It says BIG no4 on the wheel hubs. How do I find out exactly what this is and how old it is?
(For inquiring minds....that's a Craftsman GT16 in the middle pic. It has a custom fabbed and mounted cigarette pack holder!!.....Not for me...I only smoke if I'm on fire!....)
That appears to be quite a bit larger than the IH one I found in the bush.
I sure would like to see one of these things "in action".
Would they have been used to mow hay in a large field?
I think the little IH NEW4 was used to keep roadsides clean.
Just Do It !
EZ, these certainly were used to mow hay in a big field. They are stilll in common use by the Amish around a number of places such as Holmes County Ohio and Lancaster County PA. These folks are successful farmers and do it with horses, chiefly Belgians, and horse drawn equipment. Somehow they keep the horse drawn equipment running and seemingly in good repair.
R U kiddin me???? 1892-1897?? Wow that's a real antique there.
Are you sure you are referring to my #4 BIG JD mower? It says John Deere #4 right on it. So, JD was made by McCormick?? I have so much more to learn!!!!...I wonder if I can still get any of the few parts it needs to be in working condition?
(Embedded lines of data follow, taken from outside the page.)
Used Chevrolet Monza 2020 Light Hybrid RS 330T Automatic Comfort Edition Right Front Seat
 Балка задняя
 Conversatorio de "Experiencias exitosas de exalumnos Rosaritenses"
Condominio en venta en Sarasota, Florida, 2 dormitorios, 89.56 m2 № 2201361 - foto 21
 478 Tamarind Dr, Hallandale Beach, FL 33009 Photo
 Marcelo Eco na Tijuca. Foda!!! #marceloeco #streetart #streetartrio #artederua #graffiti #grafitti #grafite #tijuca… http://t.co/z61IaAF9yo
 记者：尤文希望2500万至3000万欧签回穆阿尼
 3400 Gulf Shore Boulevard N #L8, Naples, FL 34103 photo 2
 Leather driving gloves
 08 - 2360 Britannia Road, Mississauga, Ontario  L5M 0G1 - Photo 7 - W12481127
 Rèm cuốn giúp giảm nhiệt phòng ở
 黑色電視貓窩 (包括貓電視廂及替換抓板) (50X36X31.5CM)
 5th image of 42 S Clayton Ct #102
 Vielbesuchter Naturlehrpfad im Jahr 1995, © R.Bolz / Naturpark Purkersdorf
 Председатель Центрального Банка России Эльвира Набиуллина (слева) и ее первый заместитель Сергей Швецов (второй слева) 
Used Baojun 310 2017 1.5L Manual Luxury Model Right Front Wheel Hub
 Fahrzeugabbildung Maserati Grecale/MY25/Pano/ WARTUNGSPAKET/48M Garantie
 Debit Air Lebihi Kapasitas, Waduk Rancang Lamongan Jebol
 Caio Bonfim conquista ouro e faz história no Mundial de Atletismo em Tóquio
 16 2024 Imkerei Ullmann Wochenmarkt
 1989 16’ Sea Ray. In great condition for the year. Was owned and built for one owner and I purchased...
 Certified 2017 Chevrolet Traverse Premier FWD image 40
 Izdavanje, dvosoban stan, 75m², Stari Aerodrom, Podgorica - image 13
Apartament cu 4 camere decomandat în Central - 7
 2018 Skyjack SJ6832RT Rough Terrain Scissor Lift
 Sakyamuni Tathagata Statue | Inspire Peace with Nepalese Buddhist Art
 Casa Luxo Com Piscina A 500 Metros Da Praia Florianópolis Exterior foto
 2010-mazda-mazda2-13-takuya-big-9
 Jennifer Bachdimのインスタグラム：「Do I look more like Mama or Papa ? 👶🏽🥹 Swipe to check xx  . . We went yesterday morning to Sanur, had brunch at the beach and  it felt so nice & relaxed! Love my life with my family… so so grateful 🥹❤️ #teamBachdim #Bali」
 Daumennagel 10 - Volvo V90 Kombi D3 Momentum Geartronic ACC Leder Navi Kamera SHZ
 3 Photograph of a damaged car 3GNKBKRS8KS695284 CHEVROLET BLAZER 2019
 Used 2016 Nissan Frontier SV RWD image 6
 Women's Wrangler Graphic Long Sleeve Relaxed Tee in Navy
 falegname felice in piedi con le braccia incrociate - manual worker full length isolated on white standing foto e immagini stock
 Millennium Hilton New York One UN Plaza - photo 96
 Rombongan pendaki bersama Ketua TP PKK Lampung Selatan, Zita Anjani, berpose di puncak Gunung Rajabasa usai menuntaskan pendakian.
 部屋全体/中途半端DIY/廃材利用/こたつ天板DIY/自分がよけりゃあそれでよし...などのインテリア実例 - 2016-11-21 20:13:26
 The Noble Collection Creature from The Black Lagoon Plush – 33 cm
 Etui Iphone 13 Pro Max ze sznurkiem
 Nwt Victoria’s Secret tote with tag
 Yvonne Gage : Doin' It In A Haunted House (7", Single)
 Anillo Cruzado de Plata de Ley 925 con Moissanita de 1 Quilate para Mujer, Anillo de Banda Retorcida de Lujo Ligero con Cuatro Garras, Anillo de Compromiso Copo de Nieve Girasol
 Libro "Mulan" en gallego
And also, what is "Wendell's" book? Sorry bout all the questions but now I'm curious as heck ! I was going to make sort of a lawn ornament/conversation piece out of it but perhaps there's a more dignified use in store???-Marion
I take it all back.
In the picture I could see the green paint, but couldn't read the castings. I knew there was a John Deere # 4, but wasn't aware they called one a "Big 4".
McCormick/IH made "Big" versions (heavier duty) of several of the horse drawn mowers, evidently Deere did too.
I think the Deere #4 was considerably later than the McCormick #4, a SWAG would be the '30s, but I don't know that either.
C. H. Wendels' book I was refering to is "150 Years of International Harvester". It is 400+ pages of mostly pictures with captions. It was published by Motorbooks and is probably out of print.